Investigative Journalism today

The first thought



All the President’s Men, Karl Bernstein and Bob Woodward’s masterpiece, may be the first case which comes up in our minds when we talk about Investigative Journalism.
Two Washington Post reporters discovered proofs, witnesses, and the intricate logic behind the 1972 Watergate break-in.

Photo Credit: Cristiana Ferrauti
The meetings with whistleblowers in isolated garages, wearing a raincoat and smoking cigarettes, have filled our imagination.
Secret sources and anonymity appear fundamentals for this career.
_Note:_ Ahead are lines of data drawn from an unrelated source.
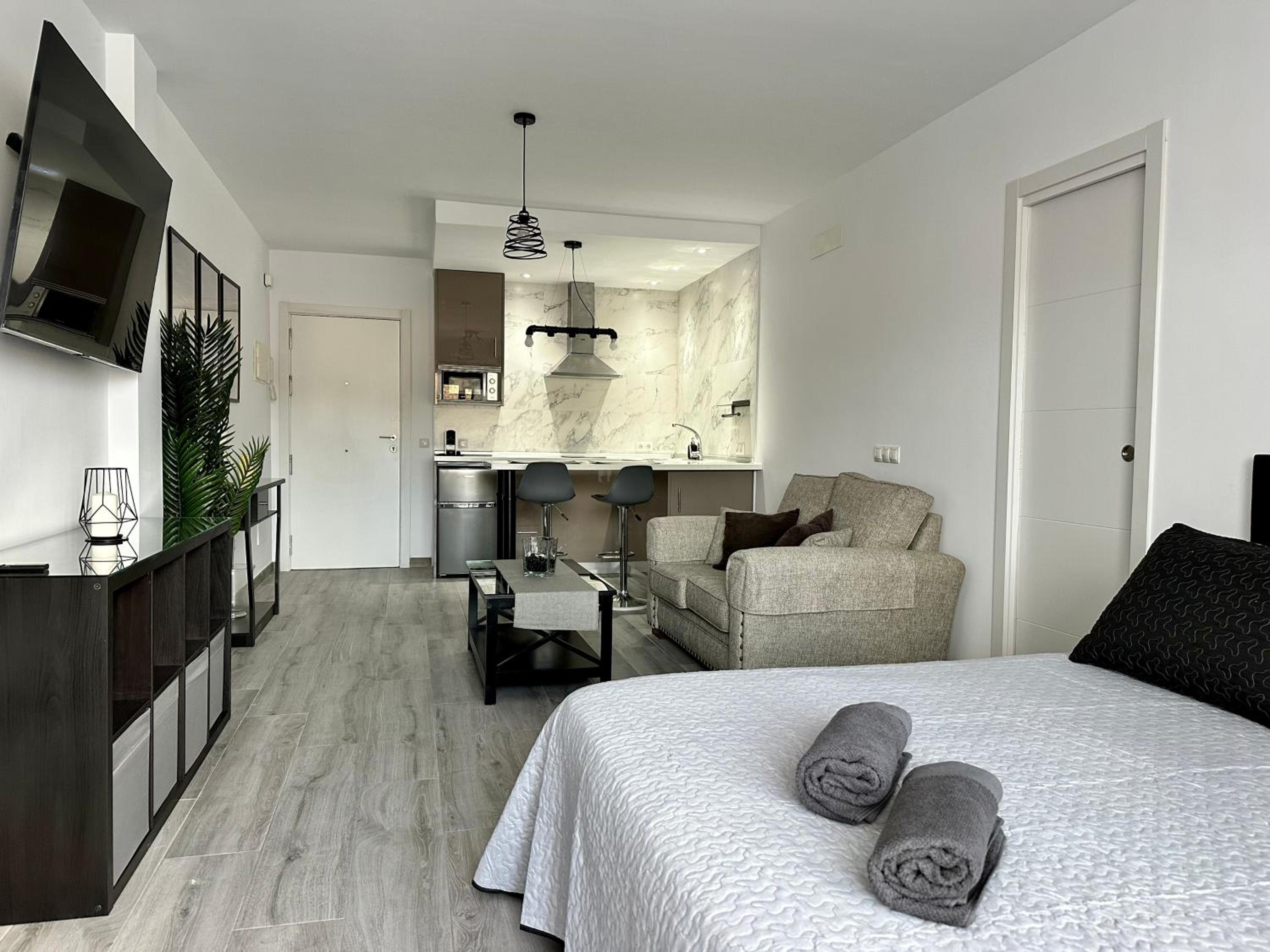 Apartamento de una habitación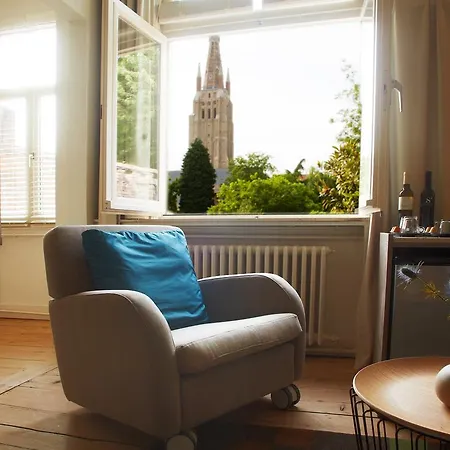 Alphabet - Luxury And Art Gallery Bed & Breakfast Bruges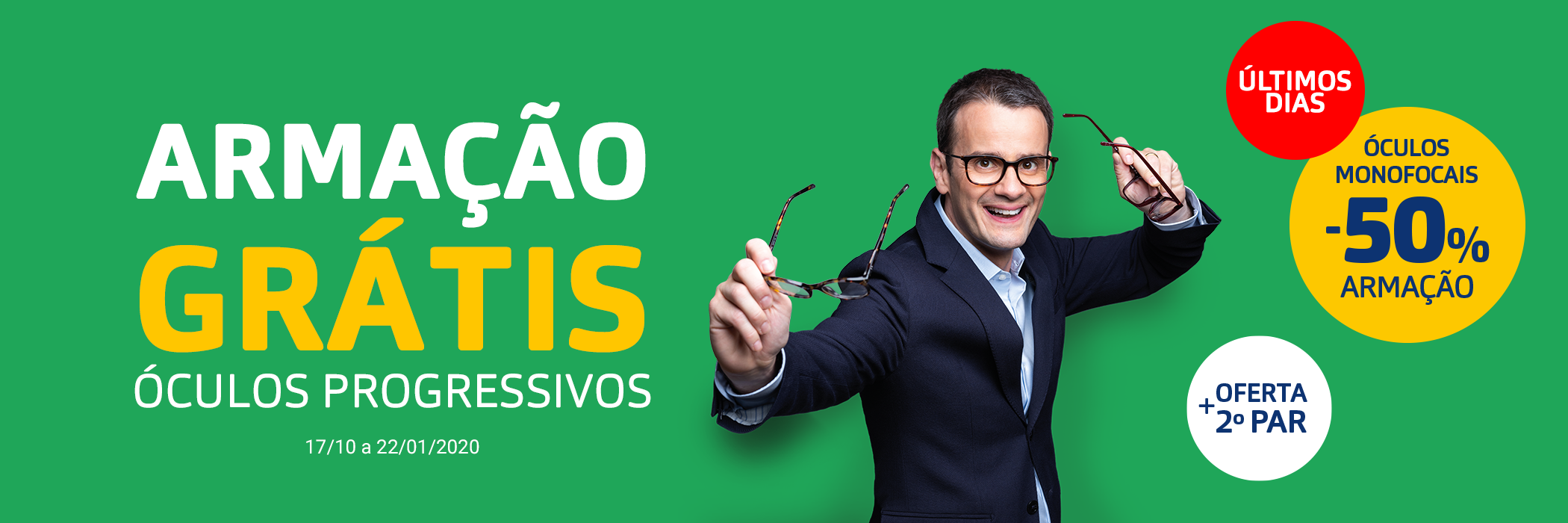 Campanhas e promoções  MultiOpticas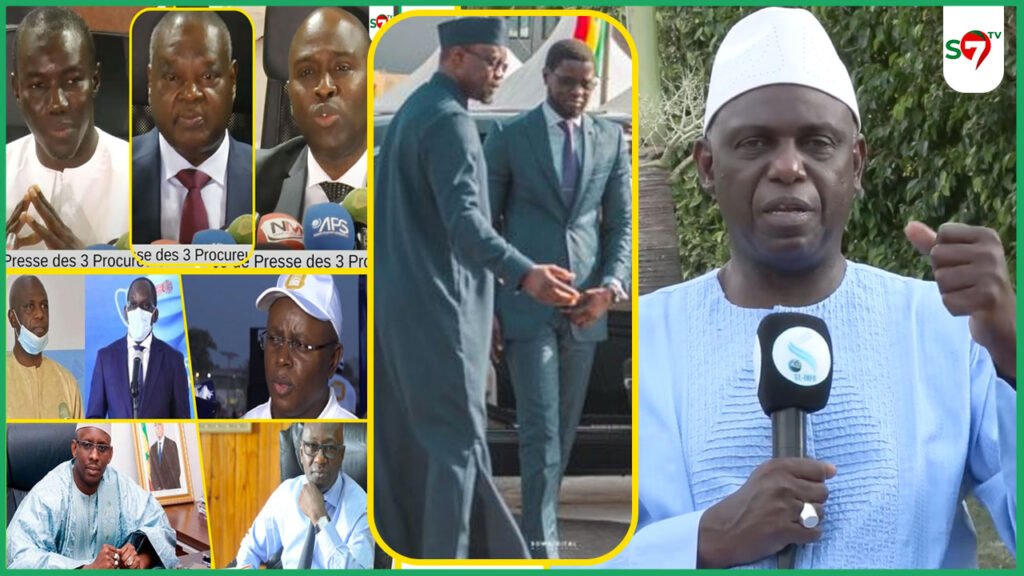(Vidéo) « Kathi, Fène, Yefou Nafekh », visé par la DIC sur le sc@ndale de la Covid, Mansour Faye hausse le ton & solde ses comptes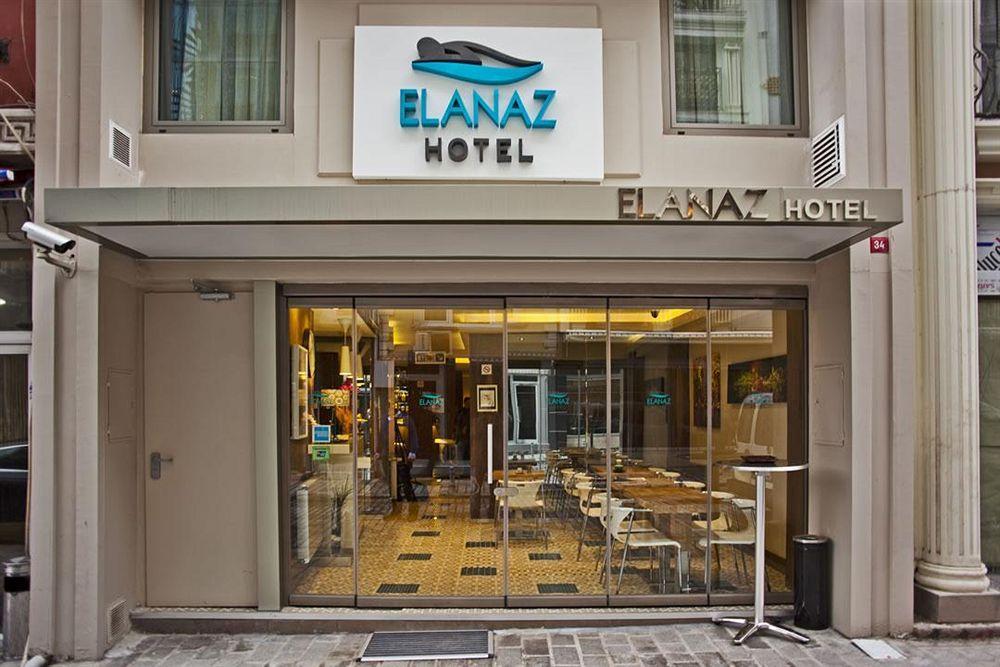 Elanaz Hotel Istanbul Eksteriør billede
But is all this still possible in the high technological era we live in?
Computers, tablets, and smartphones occupy the major part of our days. Every app requires our agreement to locate the device where it has been downloaded. Even the most innocent website trace our visits.
Secrets seem to have very short lives and deeper researches are difficult to be hidden from the Big Brother’s eye of the Intelligence.

And yet investigative journalists still exist and they are even more necessary than in the past.

Increasingly more watched – recent facts

Russia- Europe

On the 14th November the Presidential Library in Russia launched the project for anational Encyclopaedia. The new online resource aims to substitute Wikipedia, which, as an analysis showed, doesn’t provide reliable information about the country.
Critics and people against the Russian president, Vladimir Putin, saw their websites blocked in March. Moreover, the bloggers with more than 3,000 daily readers were forced in August to register with the mass media regulator.
The Presidential Library plan seems a further move for controlling the web.

The country was again at the centre of the media on the 20th of November, when articles were published about the surveillance of English people through webcams. The UK planned the closure of a Russian website that streamed footages from British cameras.

 USA- World

Citizenfour, the documentary film by Laura Poitras, has been released in October. The movie concerns Edward Snowden and the National Security Agency spying activity, which became public last year. Snowden is currently in Russia, with a three-years residency permit. The director Poitras, instead, is in Berlin.



Definition

Investigative, whenever referred to Journalism, means: “inquiring intensively into and seeking to expose malpractice, the miscarriage of justice, or other controversial issues”, according to the Oxford Dictionary online.

The Logan Symposium - An opportunity to talk about it

Building an Alliance against Secrecy, Surveillance and Censorship.
Photo Credit: Cristiana Ferrauti
This is the title of the Logan Symposium which was held at the Barbican Centre (London) on the 5-6-7 of December.


The event was organised by the Centre for Investigative Journalism – a charity which support the education and the training of media people towards deep researches – and funded by The Reva and David Logan Foundation– that promote social justice through many sectors such as arts, reporting, and development communities.

Conferences, lectures, and workshops aimed to highlight and try to solve some of the problems that a journalist in this field has to face.

Transparency reports, Thunderbird, email encryption are just some of the elements not-to-forget to live more peacefully. There are many tricks to learn to not be traced, many precautions to take to assure top secrecy to the sources.

Laura Poitras – Citizenfour’s director – and Sarah Harrison – WikiLeaks journalist who took part of the operation for moving Snowden to Moscow – participated via video chat, because suggested not to enter UK. In the country, indeed, Terrorism Act 2000, schedule 7, prevents them from moving.

Even Julian Assange have reached the audience via video chat.

John Pilger
Photo Credit: Cristiana Ferrauti
What they testified was their moral obligation to let the information out.
“Journalism is a craft, regardless of the means, regardless of the obstacles”, said John Pilger, during the session What We Do Not See in the first day afternoon.

To discover the truth and make the public aware – for what regards matters of public interest – should be the priority for a journalist, even if the technological advance and terrorist attacks made it more and more difficult.
Experiences from the others and from the past may help in the initial learning process.